And so forth. Every July Fourth, we celebrate freedom in a nation with the largest prison population. We still want to believe the lie that there is truth and justice in a system that profits from imprisoning its Citizens. We need to believe the lie that working harder is all that is required to achieve and succeed. We want to believe the lie that forgetting will make the pains of yesterday’s yesterday go away, and that forgiveness is none of our business. We have withdrawn and overdrawn from our Atonement Account, and the amount due is insurmountable to replenish. What kind of future can America have without atonement? These institutions should encourage reconciliation, but they benefit from this nation’s burgeoning bankruptcy. History books keep lying to us. The media keeps deceiving us. Hollywood’s century of white lies keeps blinding us. Centuries of terrorism has traumatized us. Consumerism keeps us from investing in ourselves. If only money could buy happiness, we would not keep trying to swipe our sadness away. We have maxed out! The debts incurred cannot be waived between generations. America needs a payment strategy that emphasizes equity and legitimacy. We must not delude ourselves any longer; the American Dream was always a nightmare filled with despair and indescribable barbarity. The curses of caste remain a constant obstacle. Without equity, there is no genuine opportunity. Crimes against humanity do not have an expiration date. If we, the people, are going to form a more perfect Union, we must first acknowledge the wrongs committed, and then work towards an equitable solution that serves us all. As long as we profit from and invest in other people’s exploitation and oppression, the balance sheets will remain in the red. If we are ever to overcome this vacuous deficit, we must continue to remember the past, honor it, and commit to do better.

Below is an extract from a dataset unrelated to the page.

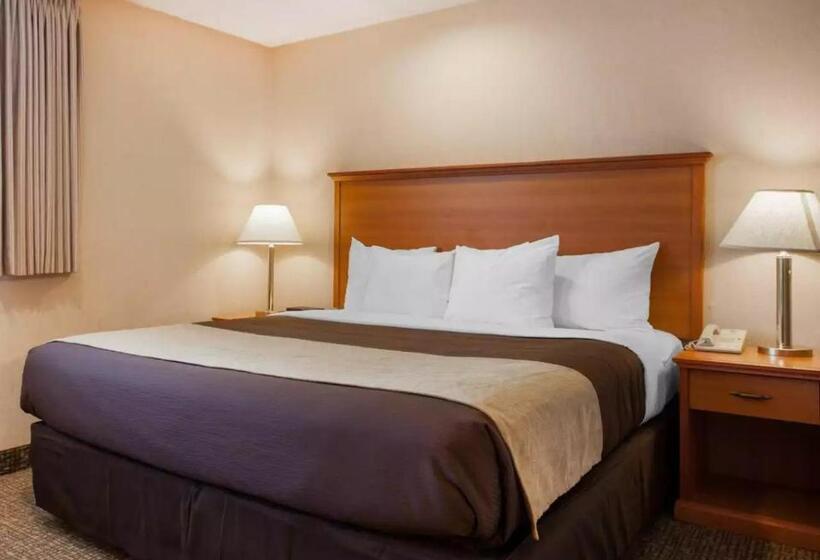 キングサイズベッドのスタンダードルーム, Quality Inn Kirkland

Dr. Shamika Ann Mitchell is an Assistant Professor of English at Rockland Community College, State University of New York. Her primary interests are Hip Hop, American literature, ethnicity, identity, and subjectivity theory. Her writing has been published in various texts, including College English Notes, Icons of Hip Hop and Women on Women: Indian Women Writers’ Perspectives on Women. You can reach Dr. Mitchell on Twitter @Black_Bootie.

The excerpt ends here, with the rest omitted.